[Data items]

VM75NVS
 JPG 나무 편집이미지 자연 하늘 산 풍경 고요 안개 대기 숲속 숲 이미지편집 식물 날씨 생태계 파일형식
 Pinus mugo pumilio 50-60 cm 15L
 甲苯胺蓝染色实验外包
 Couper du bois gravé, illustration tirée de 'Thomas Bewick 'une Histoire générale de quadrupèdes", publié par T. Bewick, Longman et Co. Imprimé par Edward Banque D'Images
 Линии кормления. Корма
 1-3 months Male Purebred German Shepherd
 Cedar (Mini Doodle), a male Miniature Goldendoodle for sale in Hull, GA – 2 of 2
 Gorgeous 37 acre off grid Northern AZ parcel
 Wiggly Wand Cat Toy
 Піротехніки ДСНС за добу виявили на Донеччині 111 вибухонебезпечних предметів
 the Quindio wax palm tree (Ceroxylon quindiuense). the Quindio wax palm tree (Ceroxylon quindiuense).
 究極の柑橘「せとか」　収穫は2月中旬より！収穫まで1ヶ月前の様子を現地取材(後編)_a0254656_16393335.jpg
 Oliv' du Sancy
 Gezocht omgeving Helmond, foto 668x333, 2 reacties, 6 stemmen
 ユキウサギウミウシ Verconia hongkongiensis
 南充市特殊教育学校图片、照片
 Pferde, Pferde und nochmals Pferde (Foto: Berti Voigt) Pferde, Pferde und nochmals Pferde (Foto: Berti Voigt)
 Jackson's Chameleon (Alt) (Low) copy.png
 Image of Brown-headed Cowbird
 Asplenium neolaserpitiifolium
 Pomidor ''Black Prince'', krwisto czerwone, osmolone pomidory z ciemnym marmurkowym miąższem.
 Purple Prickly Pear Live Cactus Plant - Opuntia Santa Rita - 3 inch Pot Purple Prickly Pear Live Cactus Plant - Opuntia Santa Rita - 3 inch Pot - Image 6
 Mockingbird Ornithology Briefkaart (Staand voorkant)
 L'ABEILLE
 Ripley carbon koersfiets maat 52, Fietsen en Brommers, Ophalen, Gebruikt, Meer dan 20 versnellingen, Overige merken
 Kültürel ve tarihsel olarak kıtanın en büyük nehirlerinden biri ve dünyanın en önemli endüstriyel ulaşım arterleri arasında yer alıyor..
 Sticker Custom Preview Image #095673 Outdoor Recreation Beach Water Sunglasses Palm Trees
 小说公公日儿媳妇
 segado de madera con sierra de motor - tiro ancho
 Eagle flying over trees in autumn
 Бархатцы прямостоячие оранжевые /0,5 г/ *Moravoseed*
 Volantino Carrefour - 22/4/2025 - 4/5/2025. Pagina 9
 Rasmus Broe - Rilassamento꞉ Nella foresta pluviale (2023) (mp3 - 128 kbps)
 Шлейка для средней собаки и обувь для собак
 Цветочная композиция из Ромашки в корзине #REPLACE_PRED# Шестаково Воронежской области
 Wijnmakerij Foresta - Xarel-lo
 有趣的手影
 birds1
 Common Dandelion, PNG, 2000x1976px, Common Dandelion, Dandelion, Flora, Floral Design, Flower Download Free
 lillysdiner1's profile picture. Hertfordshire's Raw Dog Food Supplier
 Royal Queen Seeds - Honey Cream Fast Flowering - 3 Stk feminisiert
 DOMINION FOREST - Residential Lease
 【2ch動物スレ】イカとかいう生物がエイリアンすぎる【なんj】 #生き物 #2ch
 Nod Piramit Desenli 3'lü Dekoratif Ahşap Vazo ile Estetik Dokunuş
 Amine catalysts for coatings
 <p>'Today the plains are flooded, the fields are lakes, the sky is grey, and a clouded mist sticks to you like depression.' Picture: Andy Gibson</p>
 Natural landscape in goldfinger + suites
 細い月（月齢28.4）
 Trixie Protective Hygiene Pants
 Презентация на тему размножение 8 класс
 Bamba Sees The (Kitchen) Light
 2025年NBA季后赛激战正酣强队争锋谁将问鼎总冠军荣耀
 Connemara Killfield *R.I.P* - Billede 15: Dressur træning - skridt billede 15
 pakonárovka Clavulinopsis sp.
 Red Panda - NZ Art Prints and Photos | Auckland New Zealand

What you will do
Please reproduce the lines from the line with "Pot - Image 6" to the line with "Ripley carbon koersfiets", both ends included, exactly as they appear above.

Result below
 Purple Prickly Pear Live Cactus Plant - Opuntia Santa Rita - 3 inch Pot Purple Prickly Pear Live Cactus Plant - Opuntia Santa Rita - 3 inch Pot - Image 6
 Mockingbird Ornithology Briefkaart (Staand voorkant)
 L'ABEILLE
 Ripley carbon koersfiets maat 52, Fietsen en Brommers, Ophalen, Gebruikt, Meer dan 20 versnellingen, Overige merken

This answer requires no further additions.